▽

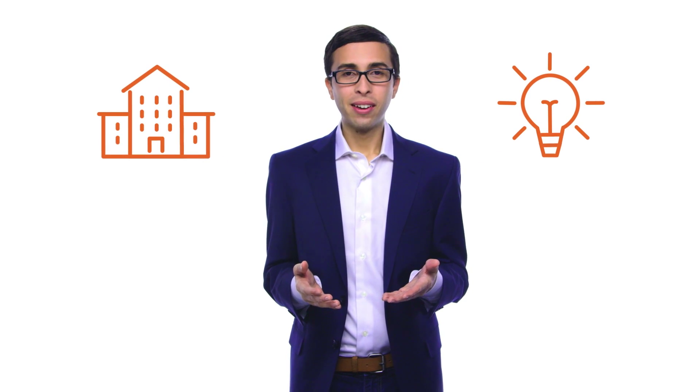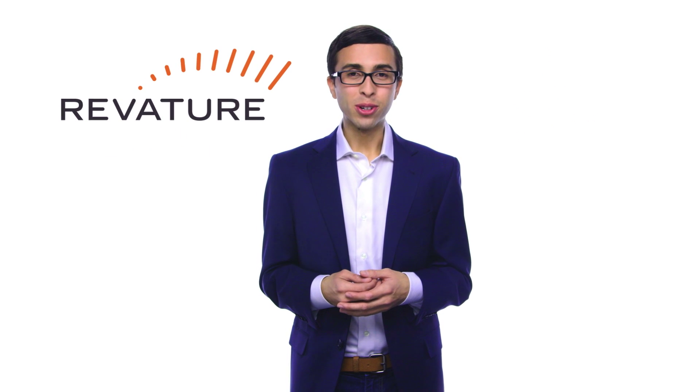I wanted to work with the best companies using the most cutting-edge technologies. Then I found Revature. Revature changed my life.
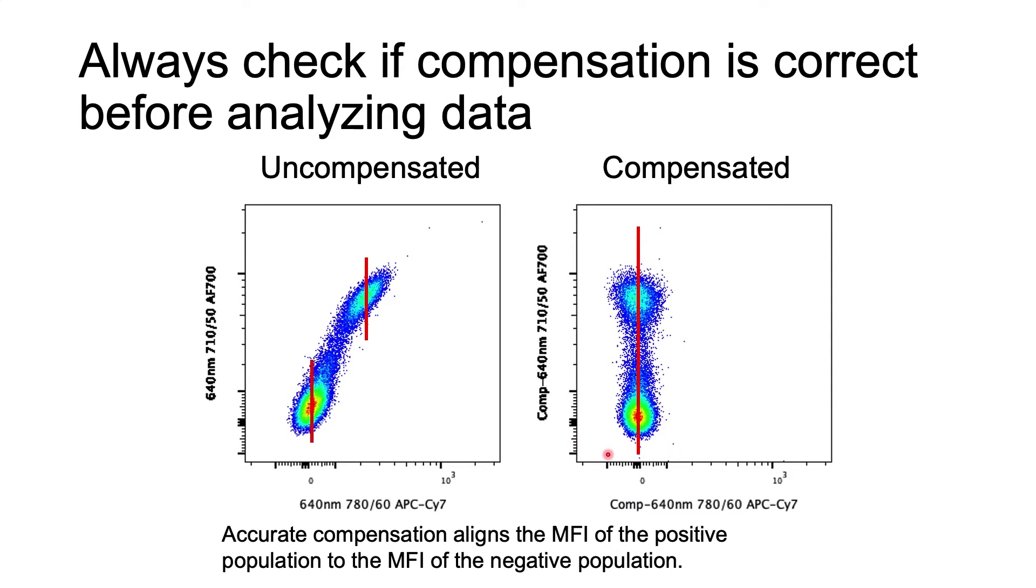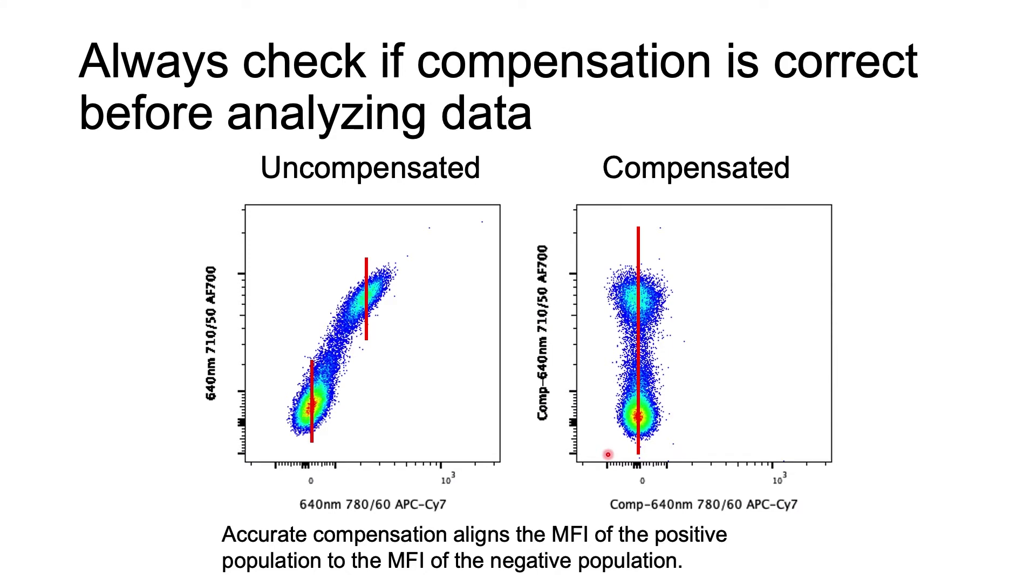Everyone needs to be checking for this in every experiment, even if you're using automated compensation tools. There are a lot of ways to set up automated tools incorrectly, and you should never assume that those automated tools are magically going to do a great job every single time. Always check the compensation by looking at end-by-end plots of your controls. That means making plots to view every color against every color and checking that all of your single stain controls look like this plot here.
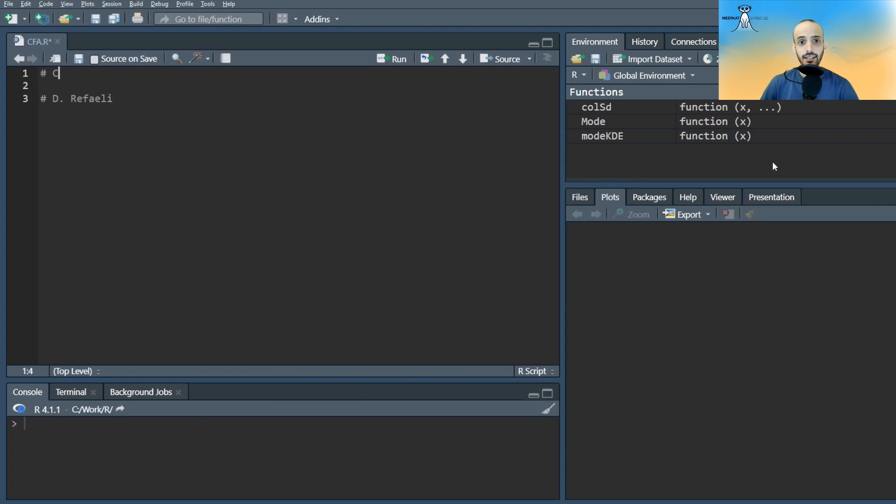Hi guys! Here's an example of how to fit CFA models using R and the LAVAN package.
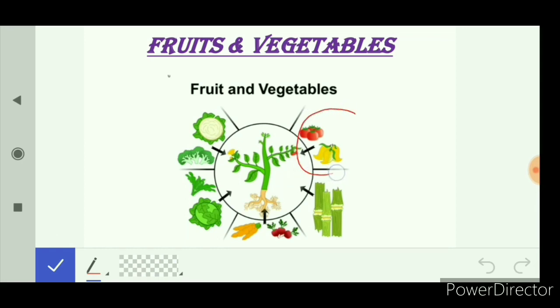These are the fruits of the plant that we eat as food. Examples are mango and tomato. Yes, tomato is also a fruit because it develops from a flower-like structure and it also has seeds. There is a variety of fruits we get from plants, like mango, banana, pineapple, etc.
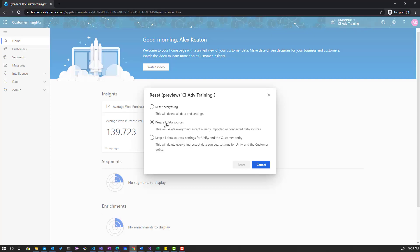This is handy if you have that demo environment that I was talking about and you'd like to roll back to just the data sources being already set up and be able to show from that point on and not have to show setting up data sources. Or perhaps you want to keep the data sources and unification to be able to show that part of the demo without having to recreate it and then only create measures in segments and activities.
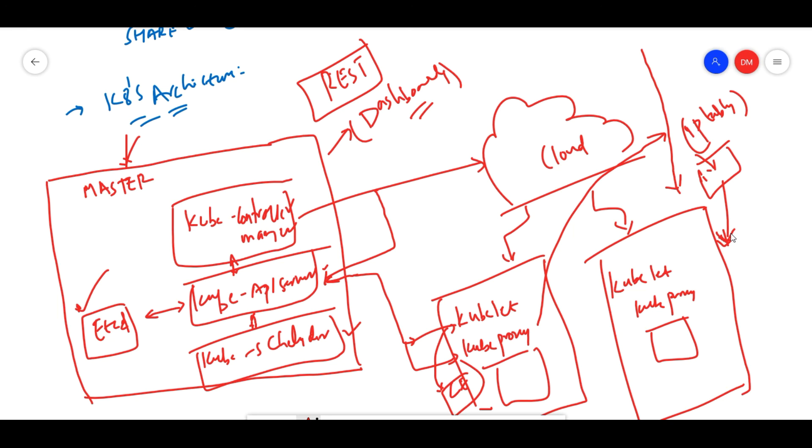This is the main Kubernetes architecture. Hope you got the point. If you have any doubt, comment below and we'll try to reply back. Join the Telegram channel so that we'll try to interact with you and provide more information. Thanks for all the subscribers and thanks for watching this video. Have a great day, bye.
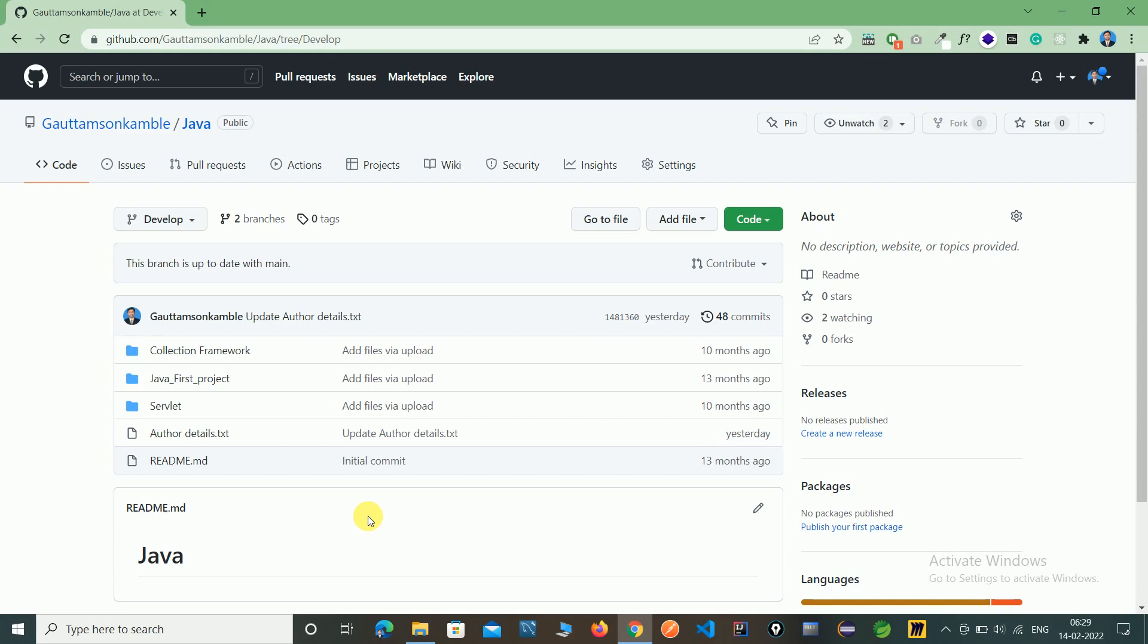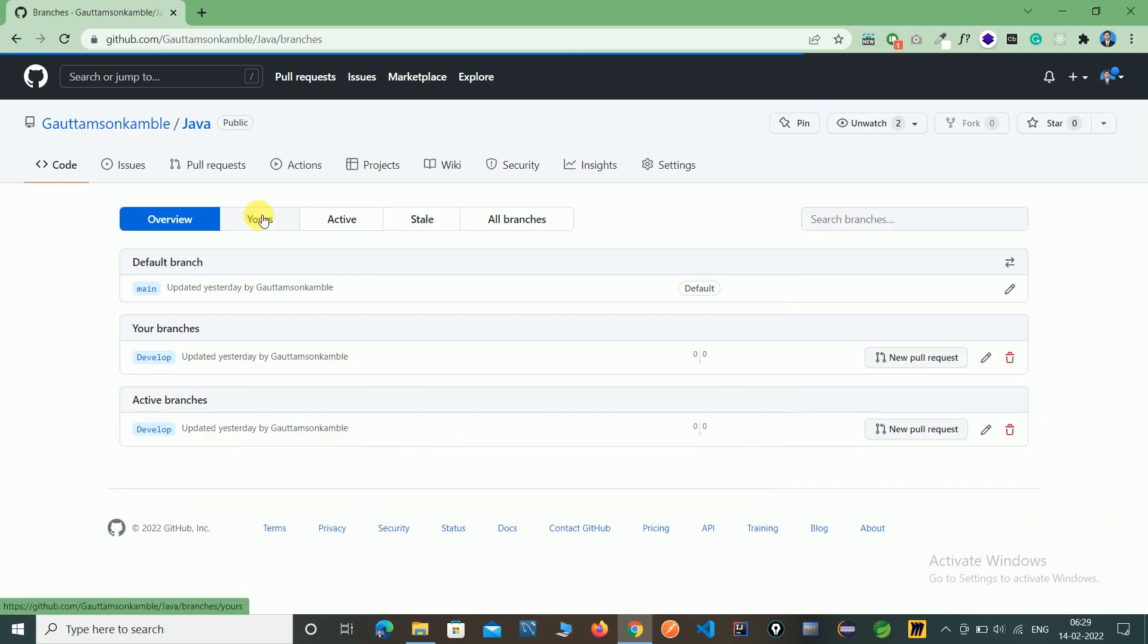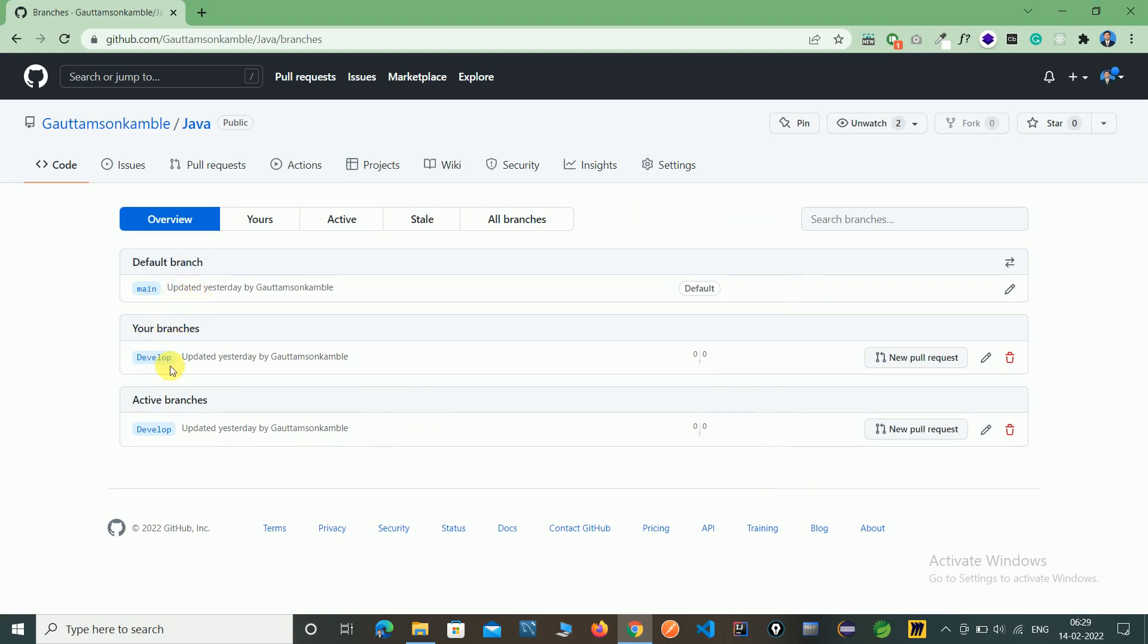So this is a simple way to create branches. Here you can see all the branches name. This is the main branch and this we just created. And here you can see the active branch because we are in develop branch.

△

→ **ASSIGNMENT**
Print the data above in full and exactly as it appears, skipping the pictures.

→ **OUTPUT**
I wanted to work with the best companies using the most cutting-edge technologies. Then I found Revature. Revature changed my life.
Everyone needs to be checking for this in every experiment, even if you're using automated compensation tools. There are a lot of ways to set up automated tools incorrectly, and you should never assume that those automated tools are magically going to do a great job every single time. Always check the compensation by looking at end-by-end plots of your controls. That means making plots to view every color against every color and checking that all of your single stain controls look like this plot here.
Hi guys! Here's an example of how to fit CFA models using R and the LAVAN package.
These are the fruits of the plant that we eat as food. Examples are mango and tomato. Yes, tomato is also a fruit because it develops from a flower-like structure and it also has seeds. There is a variety of fruits we get from plants, like mango, banana, pineapple, etc.
This is handy if you have that demo environment that I was talking about and you'd like to roll back to just the data sources being already set up and be able to show from that point on and not have to show setting up data sources. Or perhaps you want to keep the data sources and unification to be able to show that part of the demo without having to recreate it and then only create measures in segments and activities.
This is the main Kubernetes architecture. Hope you got the point. If you have any doubt, comment below and we'll try to reply back. Join the Telegram channel so that we'll try to interact with you and provide more information. Thanks for all the subscribers and thanks for watching this video. Have a great day, bye.
So this is a simple way to create branches. Here you can see all the branches name. This is the main branch and this we just created. And here you can see the active branch because we are in develop branch.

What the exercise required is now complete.